Bitcoin Clone Verge May not be So Private After All
Recently, an anonymous site exposed lists of IP addresses that were made via the Verge core and Electrum wallets. In the past, the cryptocurrency has been criticized due to some people, also known as whales, holding the majority of the coins and encouraging people to buy a coin with no genuine, unique proposition.
Verge Under Attack
Bitcoin has its limitation to ensure the privacy of transactions whereas the Verge coin (XVG) pledges anonymity to its users. The digital asset achieves this by utilizing both Tor and I2P – anonymity-focused networks.
XVG developers indicate that “Verge uses multiple anonymity networks such as Tor and I2P. The IP addresses of the users are obfuscated and the transactions are completely untraceable.”
The IP addresses provided by the anonymous source are difficult to verify. However, it is best to be careful when making use of the supposed ‘privacy coin.’ XVG claims to be one of the most privacy-centric coins in the crypto space, but these assertions have grown murky in lieu of recent events.
Some have even claimed that Verge began its journey as a hard fork of Dogecoin, Dogecoin Dark.
The anonymous whistleblowing site clarified: “Obviously not all of the IPs below will be correct. Some might just be relaying a transaction. The point is that a large amount will be correct due to the XVGnetwork being so small. If your IP appears in the list with a TX you didn’t do, it means you relayed it for someone else. Would you want your IP to be connected to other users’ transactions?”

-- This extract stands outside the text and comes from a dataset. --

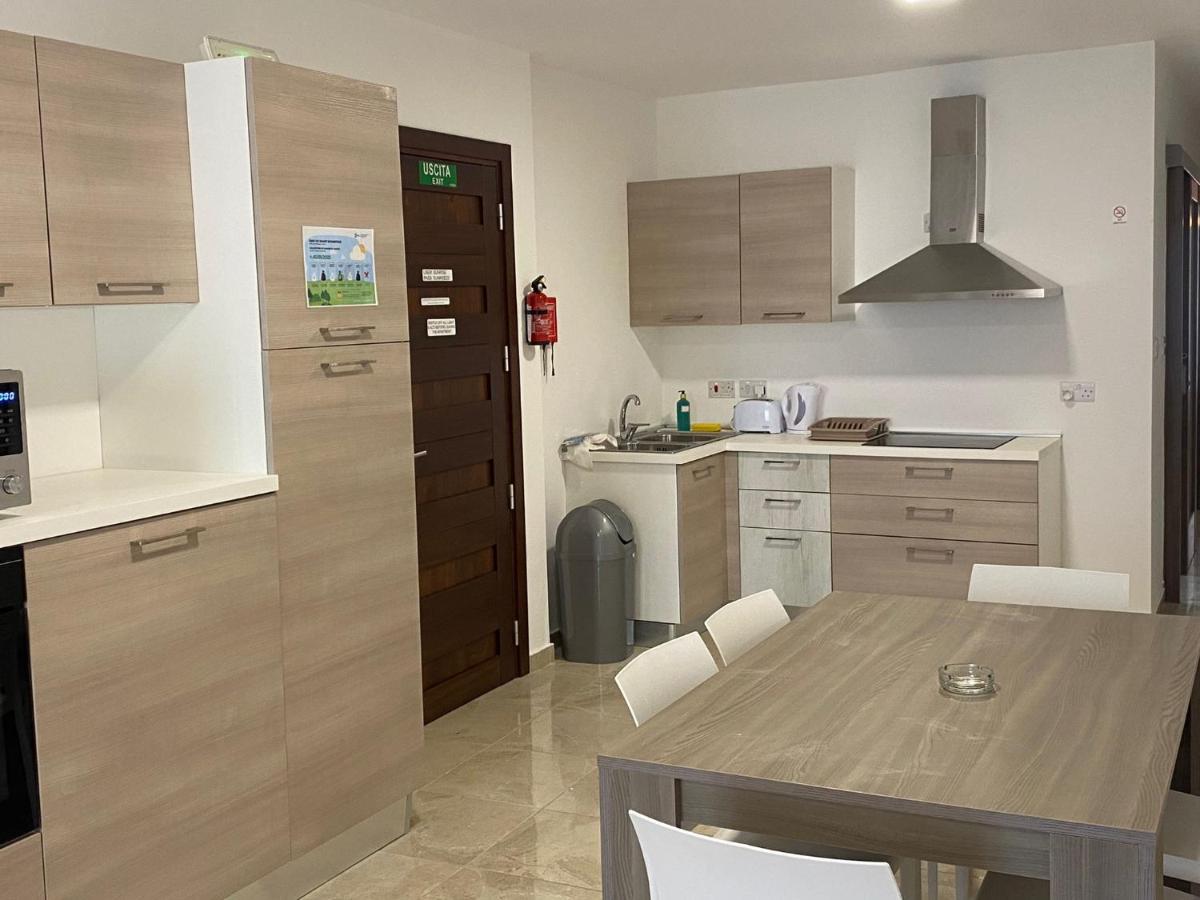 Sunrise Court Lägenhet Marsaskala Exteriör bild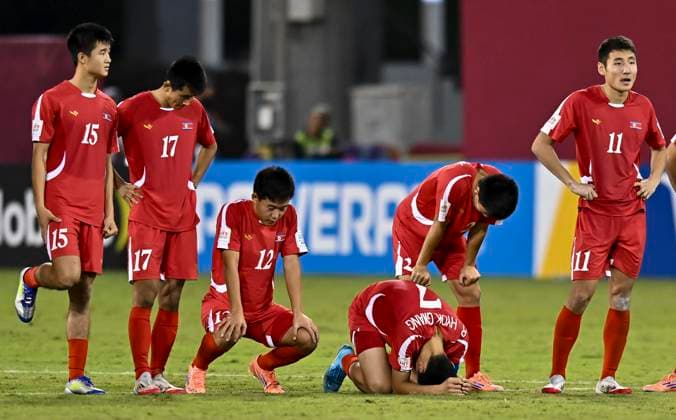 Korea DPR v Japan : Round of 16- FIFA U-17 World Cup Qatar 2025 The players of Korea DPR look dejected following defeat in the penalty-shoot-out in the FIFA U-17 World Cup Qatar 2025 Round of 16 match between Korea DPR and Japan in Doha, Qatar, on November 18, 2025. DOHA Qatar Copyright: xNOUSHADxTHEKKAYILx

However, responding to the allegations Verge tweeted “also, so far we have not found any accurate ip/transaction pairs on this website, but we’re continuing to entertain it.”
BTCManager found that the transactions we sent were in fact linked to the IP address used at the time. Using a 4G data connection, the image below shows that the transaction made on the Electrum wallet was linked to the IP address. While not completely precise, Justin Ehrenhofer suggested that for the Electrum page they are “about 90 percent accurate.” Nevertheless, it does blow open the claim that Verge obfuscates IP addresses.
Even if Tor is utilized, it does not make the cryptocurrency unique or private, as the same can be done with bitcoin, litecoin, monero and pretty much every altcoin that is based on Bitcoin’s code. While Tor would mask IP addresses, the Verge blockchain is still public for everyone to see. The image below demonstrates the confusing marketing the Verge crowd have put out; while honest about their public blockchain, they have misled users when claiming IP addresses are obfuscated.
To provide users with greater choice and ensure there is no single point of failure, Monero plans to mask IP addresses with Kovri, which is currently under development.
The virtual currency came to limelight with John McAfee’s tweet that spiked it to unexpected heights. Since then the token has been under continuous controversy with a massive dip arriving after Twitter user MarQuis Trill (@6billionpeople) told nearly five million followers to drop the coin.
John McAfee, the pioneer of antivirus software, pumped Verge in December 2017, resulting in a price surge of 2,600 percent. The price hike came after one of the whales that go by the name XVGWhale spent a weekend with the crypto influencer.
The XVG price hike stimulated doubt as those familiar with the space have regularly seen similar pump and dump schemes. Additionally, many have criticised McAfee to have charged millions to recommend XVG.
According to XVGWhale, the software tycoon earned millions from Verge to promote the coin. McAfee later denied all allegations by claiming that his phone was hacked and the supportive XVG tweets weren’t true.
The cryptocurrency has had a strange start this year and ultimately being left out of many investors 2018 portfolio. The current price of XVG stands at $0.16, down from $0.23 on Christmas Day. With misinformation permeating the crypto-space, the revelation that IP addresses are not obfuscated should be the final nail in the coffin for the “privacy” coin Verge.